Je n’étais pas assez bien portant pour assister le 18 janvier à la bénédiction des eaux de la Newa, cérémonie très populaire à Pétersbourg. Une tente est élevée sur la glace, en face du palais de l’Empereur. Lorsque le clergé, l’Empereur et sa cour y sont rassemblés, l’archevêque grec, patriarche de Pétersbourg, s’approche du trou que l’on a fait dans la glace pour bénir les eaux. Quand la cérémonie est finie, le peuple se précipite pour boire ces eaux que la bénédiction a rendues salutaires. Des moujiks s’y baignent par un froid de 18 degrés. Autrefois même, pour porter bonheur aux enfants ou pour assurer leur santé, on les y plongeait. Un jour, un prêtre, ayant maladroitement laissé tomber dans le trou un enfant qui fut entraîné par le perfide courant de la Newa, dit sans s’en émouvoir davantage : « Cela ne fait rien : passez-m’en un autre ! » Et la cérémonie continua comme si rien n’était arrivé.

Je sortis pour la première fois le 22 janvier 1853, faisant en voiture par un beau soleil, bien enveloppé de fourrures, une promenade sur la Perspective. Le spectacle de ces milliers de traîneaux et de voitures qui s’entre-croisent avec une rapidité extrême est très intéressant. Je voyais de loin tout ce monde mettre pied à terre et se promener au grand soleil, si rare en Russie à cette époque de l’année.

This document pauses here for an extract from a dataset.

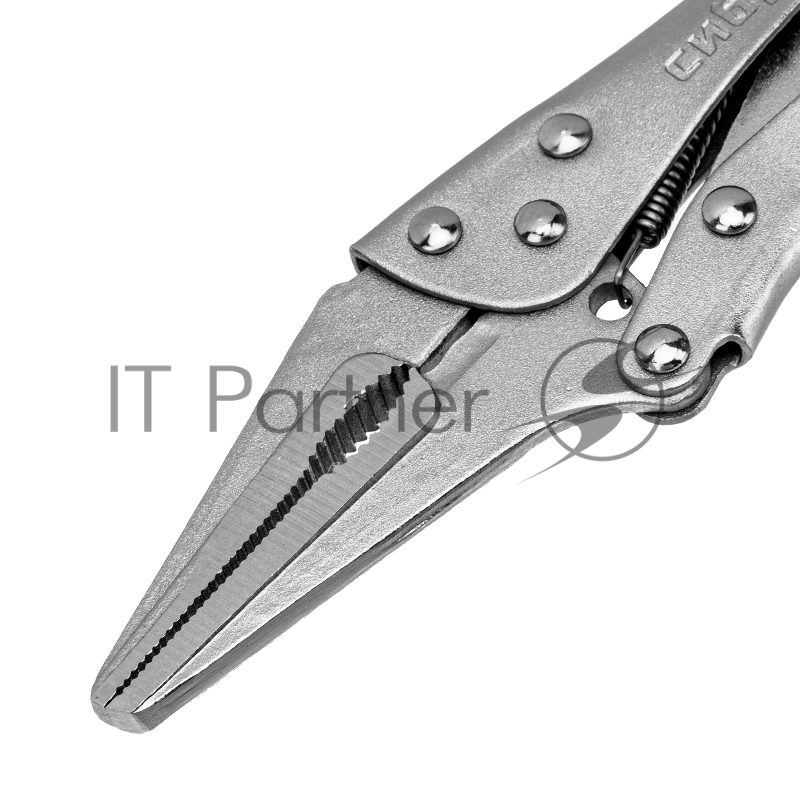 Зажим ручной СИБРТЕХ , удлиненный захват, 170 мм 18423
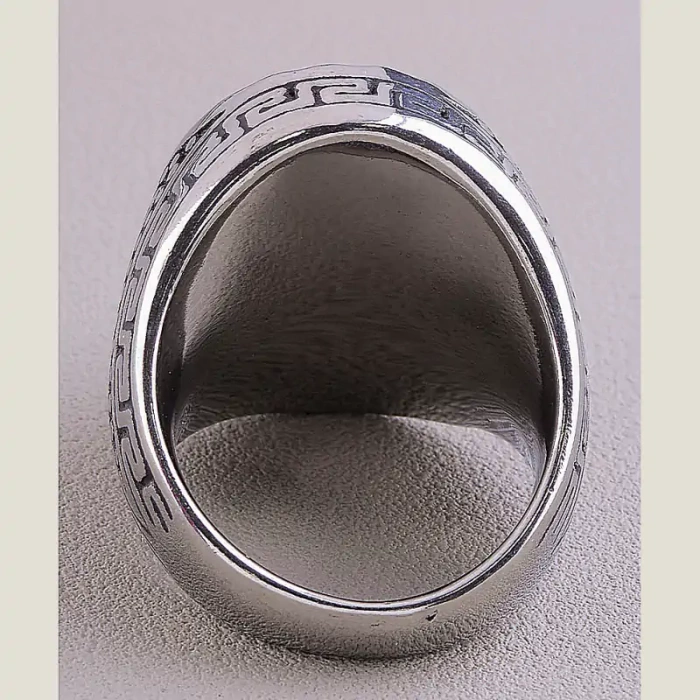 Каблучка Stainless Steel Бірюза ss_60831 ss_60831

Le 29, je pus assister au bal donné à l’ambassade d’Angleterre, y danser et rester jusqu’à deux heures du matin. J’étais donc bien rétabli les yeux seulement me faisaient un peu souffrir aux grandes lumières.

L’hiver était des plus brillants à Saint-Pétersbourg. Le 3 février, j’assistai chez Mme Apraxine à un très beau bal auquel se trouvaient tous les grands-ducs, le Tzarewitch et sa femme, la grande-duchesse Constantin, les grands-ducs Nicolas et Michel, la grande-duchesse Hélène et la grande-duchesse de Mecklembourg, sœur de l’Impératrice. J’y vis pour la première fois le fils de Schamyl, jeune homme de vingt-deux à vingt-quatre ans, fait prisonnier dans son enfance en 1835 ou en 1836 et gardé comme otage par l’Empereur qui l’avait fait élever à l’école des cadets. Il était devenu officier russe, tandis que son père faisait la guerre à la Russie. Il était brun, nerveux et fort beau garçon, avec un air un peu sauvage. Ayant eu depuis occasion d’entrer en rapport avec lui, je reçus sa carte qui était fort curieuse. Dans le fond sont trois montagnes, sans doute le Caucase, voilées par un nuage, au-dessous desquelles le nom était écrit en caractères russes.

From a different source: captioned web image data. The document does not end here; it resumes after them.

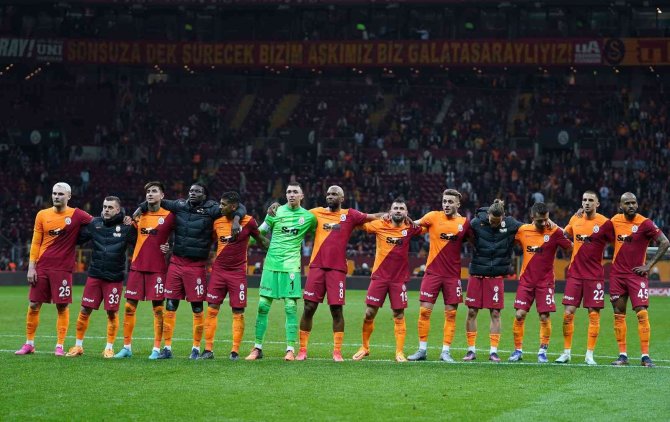Galatasaray’dan Evinde Üst Üste 3. Galibiyet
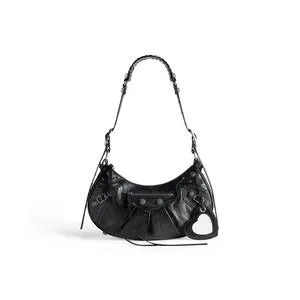 Le Cagole Xs Shoulder Bag In Black Women Balenciaga High Summer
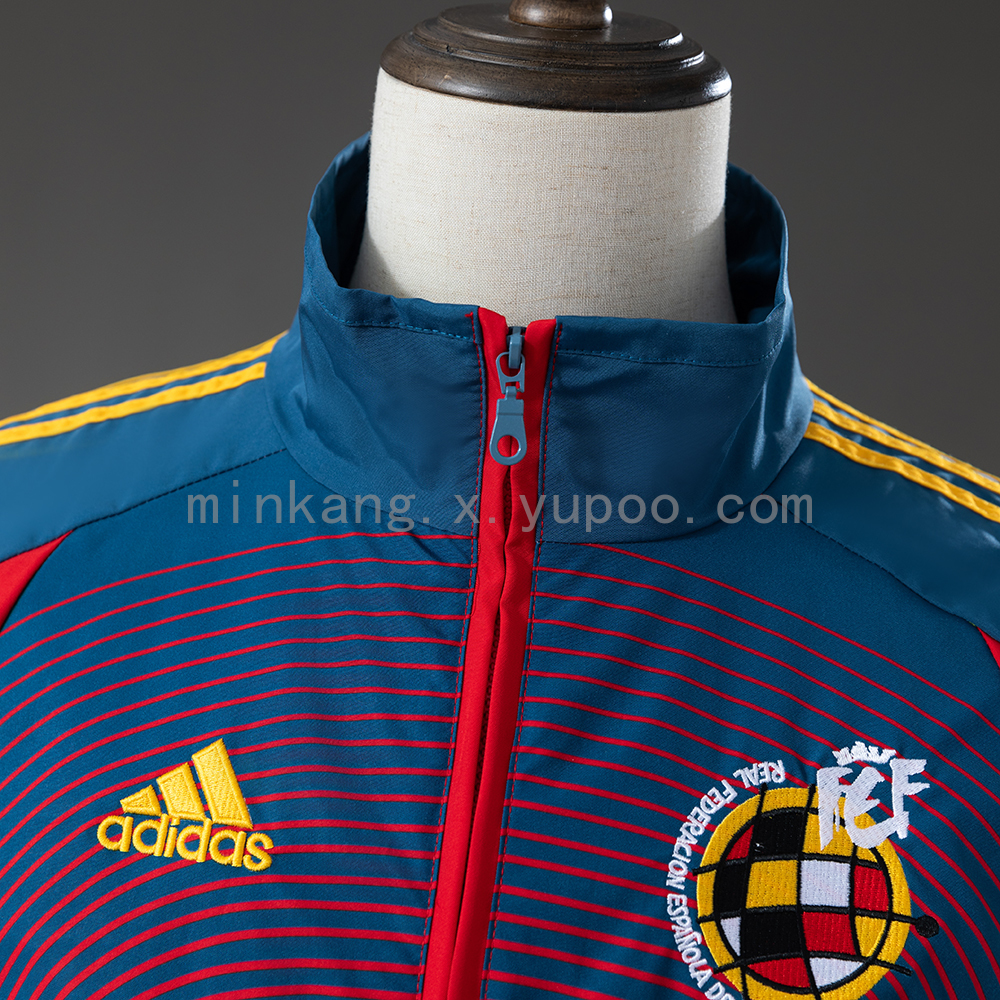 Spain 06/07 Windbreaker - Red S-XXL - Image 10
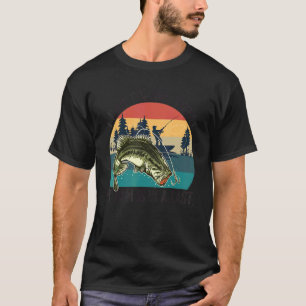 I Can't Work Today My Arm Is In A Cast Fishing T-Shirt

Ce malheureux jeune homme, qui adorait ses montagnes, fut rendu à son père le 11 mars 1855 ; mais il ne survécut pas longtemps à son retour dans son pays natal. Il mourut de consomption au bout de six mois, le 5 septembre suivant.

Au bal de Mme Apraxine, je dansai avec une demoiselle d’honneur de la grande-duchesse Hélène, Mlle de Staël. Elle me dit avoir été élevée au couvent à Sttutgart avec la comtesse Wilhelmine de Wurtemberg, cousine de la grande-duchesse, qui lui ressemblait beaucoup. « Du reste, ajouta-t-elle, vous devez la connaître ; elle habite Turin ou la Savoie où vous vous êtes trouvé vous-même récemment. Sa sœur Pauline habite Genève. »

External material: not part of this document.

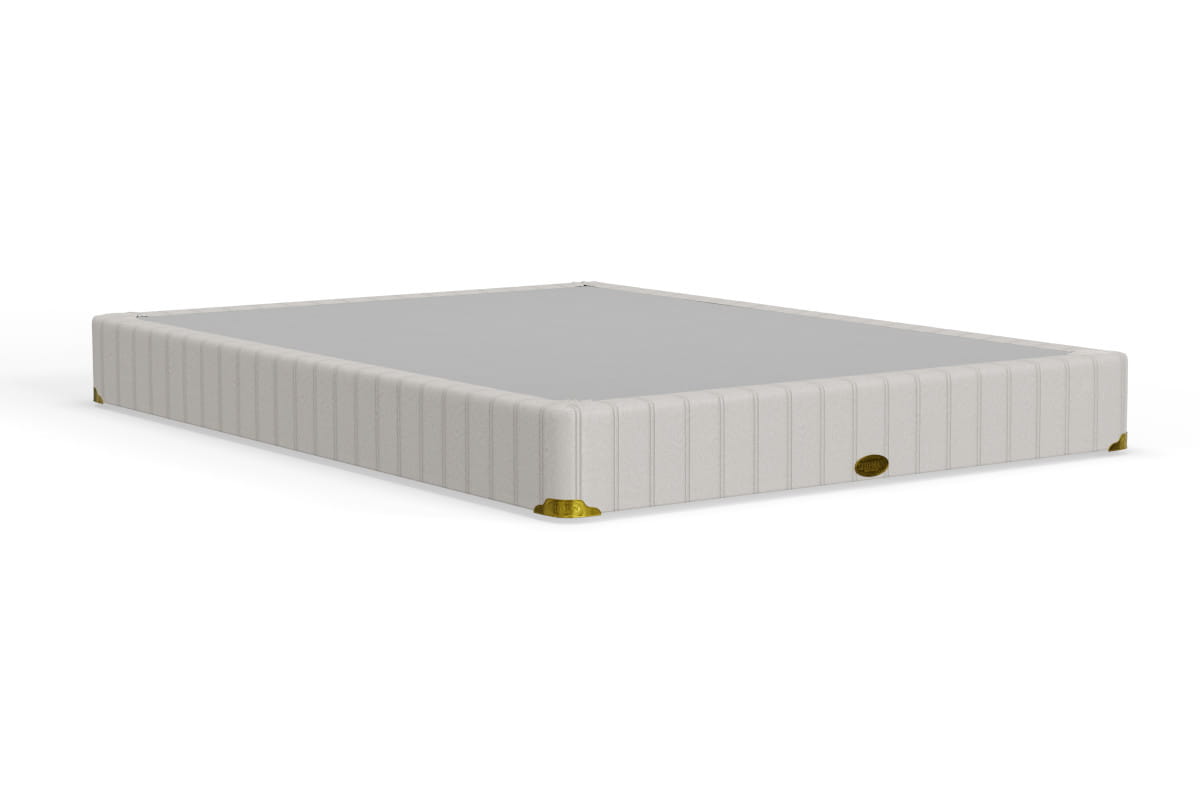 Shifman 1893 collection 8 inch box spring - angle view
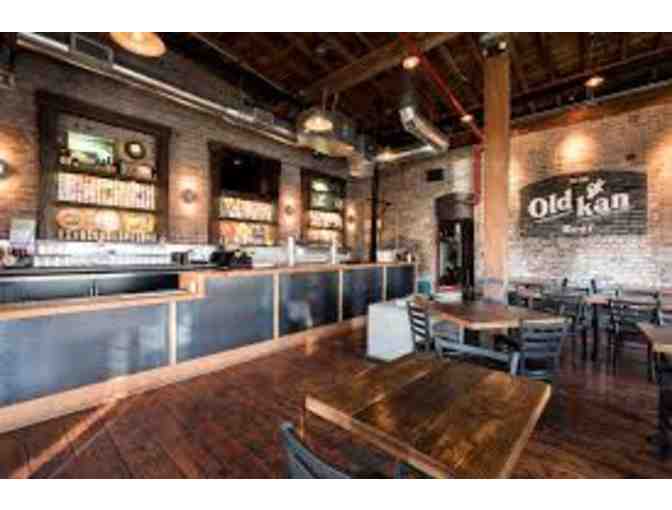$50 Gift Certificate to Old Kan Beer & Company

Je répondis qu’effectivement j’avais eu l’honneur de rencontrer la comtesse de Wurtemberg qui était une jeune personne accomplie, mais que je ne lui trouvais pas de ressemblance avec la grande-duchesse Hélène.

Pendant mon séjour en Russie, je restai en correspondance avec mes amis du Piémont, qui me priaient de défendre à Pétersbourg la cause de leur pays. Rendant compte de mes démarches au comte de Cavour, j’écrivis :


« Mon cher comte,

« Voici déjà bien longtemps que je suis loin de vous et que j’ai quitté votre pays auquel, vous le savez, je suis resté sincèrement attaché, espérant toujours pour lui ce qui serait seul sage l’établissement d’une confédération italienne ayant pour président le pape et le Piémont renforcé de la Lombardie et de Venise. Malgré mon éloignement, j’ai suivi avec le plus grand intérêt tous les événements politiques qui s’y rapportaient, et si je ne vous ai pas écrit plus tôt, ce n’est pas par oubli, mais parce que le moment n’était pas encore venu de pouvoir vous être aussi utile que je le désirais. Cependant, dès mon arrivée à Pétersbourg, j’ai dans toutes mes conversations avec les hommes influents de ce pays exposé à grands traits la situation politique actuelle du Piémont, tant à l’intérieur que vis-à-vis des puissances étrangères, en m’attachant à leur bien faire comprendre combien cette politique était différente de celle de 1848 et combien il était regrettable qu’on ne s’en fût pas persuadé plus tôt à la cour de Pétersbourg.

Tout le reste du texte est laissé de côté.